Après la sortie de son projet Mojo, entretien avec le rappeur Parisien

Après avoir fait ses armes à travers plusieurs clips et collaborations, le parisien Sopico a sorti son premier projet Mojo, entièrement produit Sheldon, tous deux membres du Dojo Klan et de la 75ème session. Entretien avec le MC du 18ème arrondissement…

 

VRF : Bonjour Sopico, premièrement merci d’accepter cette interview, peux-tu te présenter en quelques mots pour nos lecteurs qui ne te connaitraient pas ?

Sopico : Je m’appelle Sopico, j’ai 23 ans. Je fais du rap et je viens de Paris. Sinon je bosse avec la 75e Session et je fais partie du Dojo Klan.

 

VRF : J’ai cherché pour ne pas te poser cette question pour rien, mais je n’ai pas trouvé la réponse, alors : pourquoi « Sopico »?

S : C’est un surnom qu’on m’a donné en fait. Mon prénom c’est Sofiane et quand j’étais petit tout le monde m’appelait « So », ils m’ont appelé Sopico parce que j’étais le plus petit, et que « pico » en italien ça veut justement dire « le plus petit ». Aujourd’hui je m’appelle comme ça et ça me rappelle qu’on est pas plus grand qu’un autre tu vois !

 

 

VRF : Tu es du 18ème arrondissement de Paris, est-ce que cela t’a influencé pour en venir au rap?

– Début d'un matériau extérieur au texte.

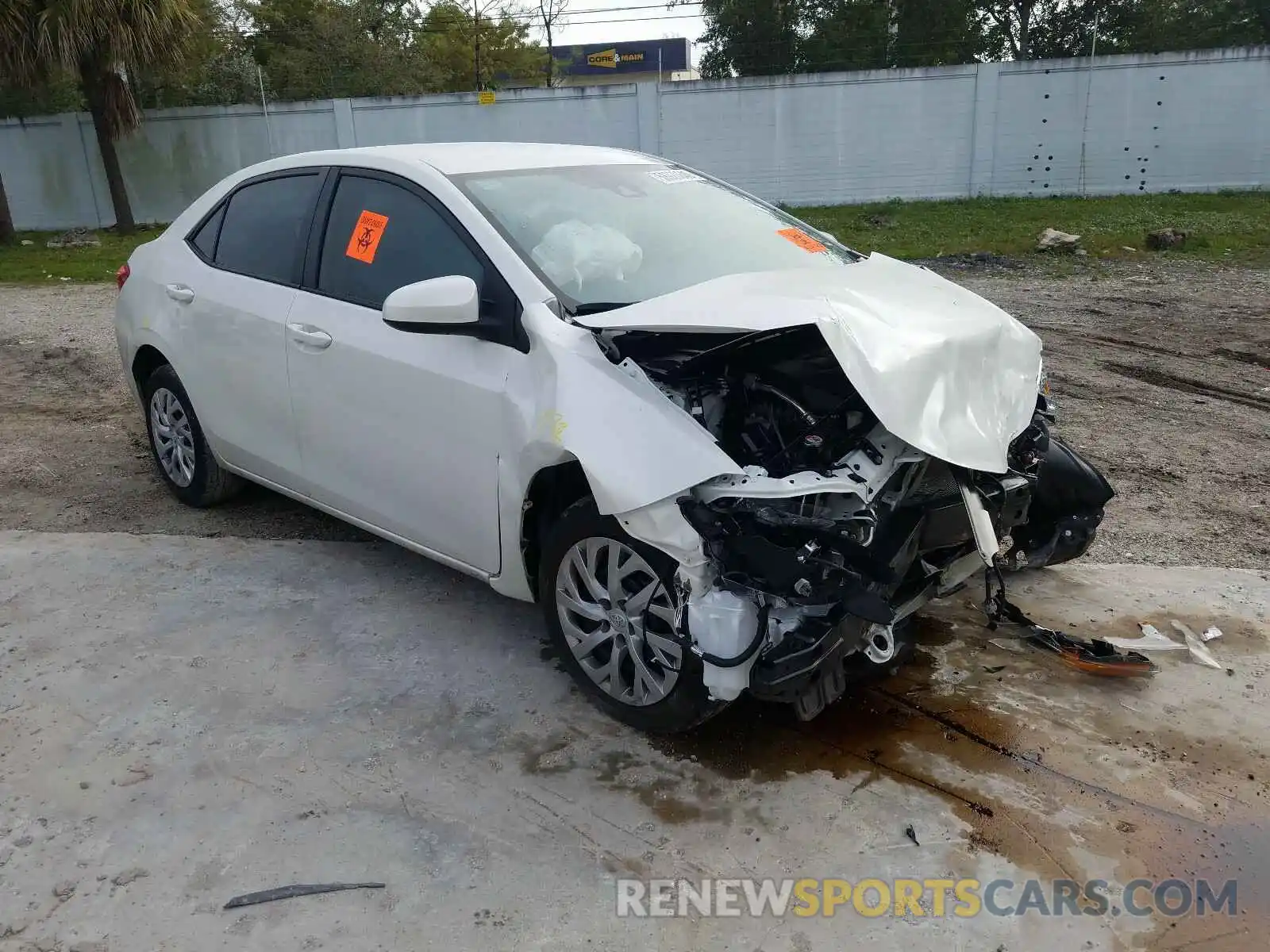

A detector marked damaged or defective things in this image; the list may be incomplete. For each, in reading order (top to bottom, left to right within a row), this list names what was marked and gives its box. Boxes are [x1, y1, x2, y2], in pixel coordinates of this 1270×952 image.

damaged white car [117, 145, 1112, 736]
crumpled hood [574, 254, 1041, 477]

S : Bien sûr. J’habitais dans le 93 quand j’étais plus jeune, à Stains, puis j’ai déménagé à Porte de la Chapelle, tout au nord de Paris. Depuis que je suis jeune je suis entouré de l’univers dans lequel on s’imagine naître le rap. Mon quartier est ultra populaire, avec tous les aspects négatifs des quartiers similaires, mais tout ce qu’il y a de positif aussi. Dans le délire, y’a un énorme trafic de crack près de chez moi depuis 35 ans à peu près,  mais il y a aussi énormément de communautés différentes qui s’entremêlent avec leurs différents modes de vie, ça crée de la diversité. Donc ma vie dans mon quartier s’est consolidée autour des gars de mon secteur, en traînant avec les autres jeunes de mon âge et tout ce qui va avec, à travers tout ce qui définit le 18ème comme on l’imagine, avec sa diversité.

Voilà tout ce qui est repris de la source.